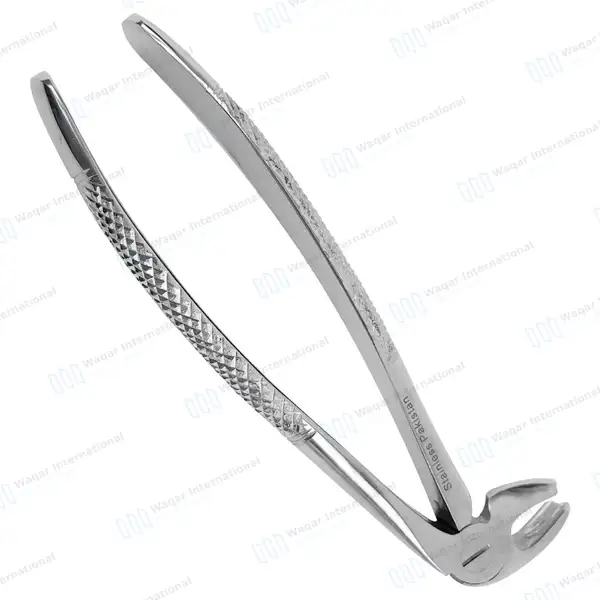 English Mead Extracting Forceps #MD4 for Lower Molars - surgical instruments manufactured by Waqar International, Sialkot - view 7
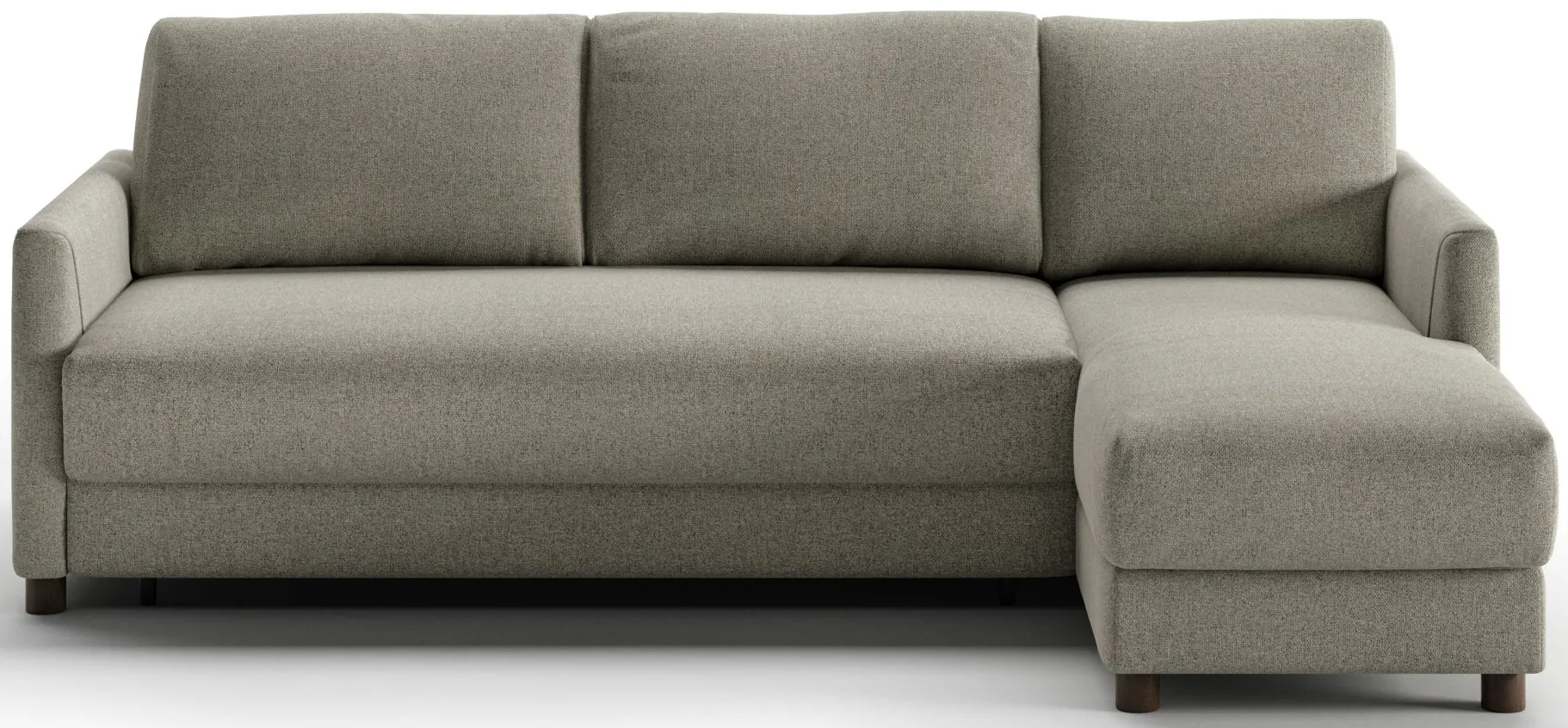 Pint Full XL Sectional Sleepr in Rene 03 by Luonto Furniture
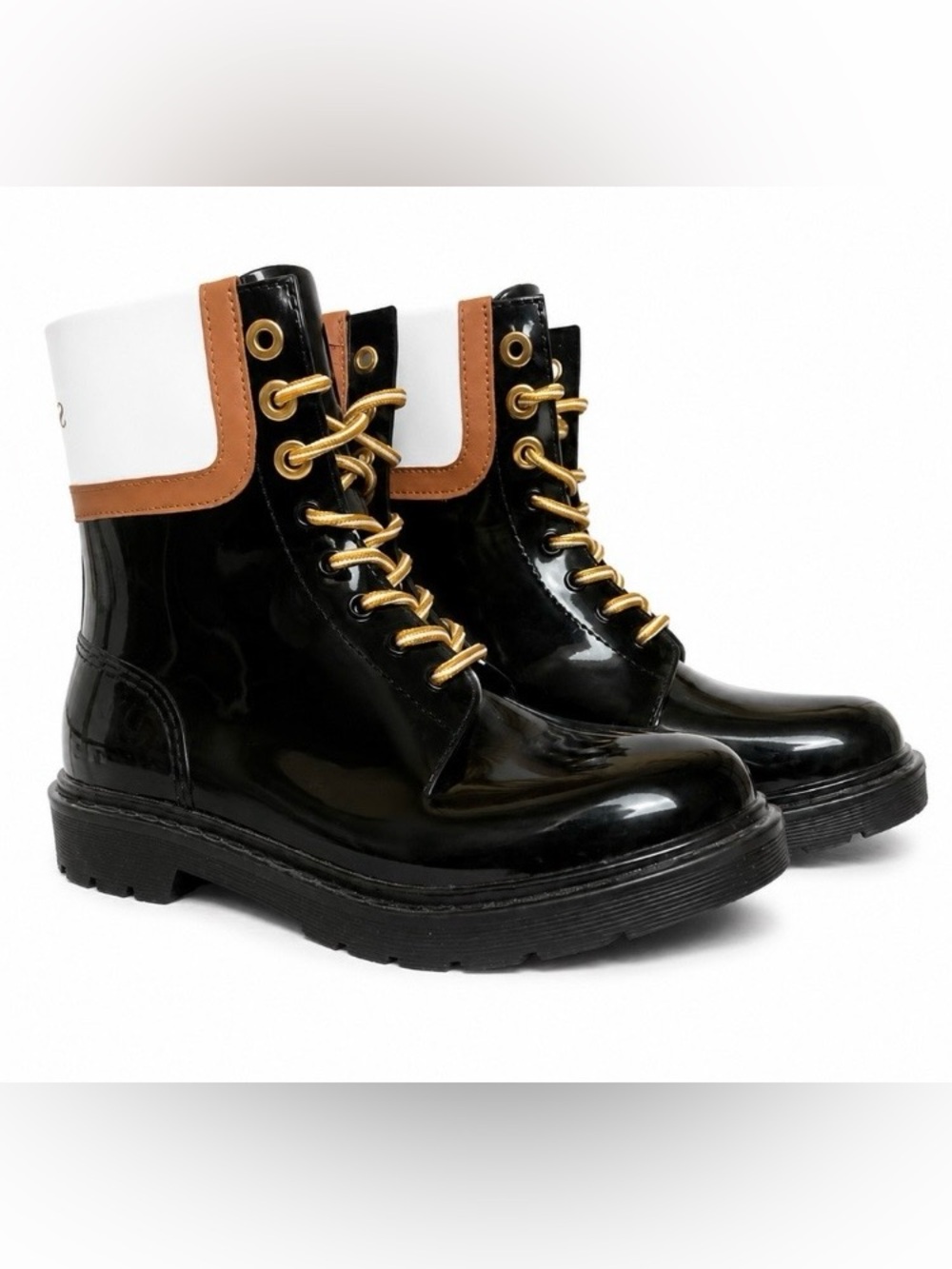 🖤 See By Chloé Florrie Lace-Up Boots Black white Lug Sole Boots EU 36 US 6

◆ WHAT TO WORK ON: What you write must match, line for line, the lines from the one with "Pint Full XL" through the last line of the data above, minus the pictures.

◆ WRITTEN ANSWER:
 Pint Full XL Sectional Sleepr in Rene 03 by Luonto Furniture
 🖤 See By Chloé Florrie Lace-Up Boots Black white Lug Sole Boots EU 36 US 6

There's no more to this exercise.